Independentemente da denominação ou formato que assumam, os trâmites necessários à sua ratificação e internalização – notadamente no que tange à necessidade de apresentação de plenos poderes pelo signatário e de remessa do Ato à apreciação parlamentar – serão determinados pela natureza de seu objeto, vale dizer, pela matéria de que tratam, bem como pela obrigatoriedade jurídica de suas disposições.
Sempre que possível, é preferível a adoção do formato convencional, com assinatura do texto por ambas as partes, para a celebração de Atos Internacionais bilaterais. Por seu elevado nível de detalhe e complexidade, o formato de troca de Notas Assinadas deve ser reservado para casos específicos, em que seu uso é consagrado pela prática brasileira ou internacional, ou quando situações excepcionais assim o exijam.
Uma vez concluídas as negociações, havendo ambas as partes alcançado acordo sobre o texto do Ato Internacional a ser celebrado, as partes definirão, de comum acordo, local e data para que se proceda à assinatura do Ato. Somente poderão firmar o Ato, assumindo compromissos em nome do Estado que representam, as autoridades detentoras de plenos poderes para tanto, nos termos do Artigo 7º da Convenção de Viena sobre o Direito dos Tratados.

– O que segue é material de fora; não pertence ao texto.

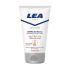 Lea Skin Care Crème Pour Les Mains Nourrissante Karité 125Ml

Após sua assinatura, o Ato Internacional deverá, conforme o caso, ser submetido à apreciação parlamentar. O envio do Ato ao Congresso Nacional é feito pela Presidência da República, mediante a expedição de Mensagem aos Membros do Congresso Nacional, cuja minuta, preparada pelo MRE, é submetida à consideração da Presidência da República por meio de Exposição de Motivos (emitida apenas pelo MRE) ou Exposição de Motivos Interministerial (emitida pelo MRE em conjunto com os demais Ministérios envolvidos com o tema).
Encaminhado o Ato Internacional pela Presidência da República, segue para o Congresso Nacional pela Câmara dos Deputados. Com base no teor do Ato, a Presidência da Câmara determina quantas e quais Comissões da Câmara precisarão analisá-lo antes da apreciação pelo Plenário. A rigor, todo Ato Internacional é submetido, na Câmara, à Comissão de Relações Exteriores e de Defesa Nacional (CREDN), à Comissão de Finanças e Tributação (CFT) – para verificar se há previsão orçamentária –, à Comissão de Constituição e Justiça e de Cidadania (CCJC) e à respectiva Comissão ou Comissões temática(s), com base na matéria objeto do Ato (educação, esporte, seguridade social etc).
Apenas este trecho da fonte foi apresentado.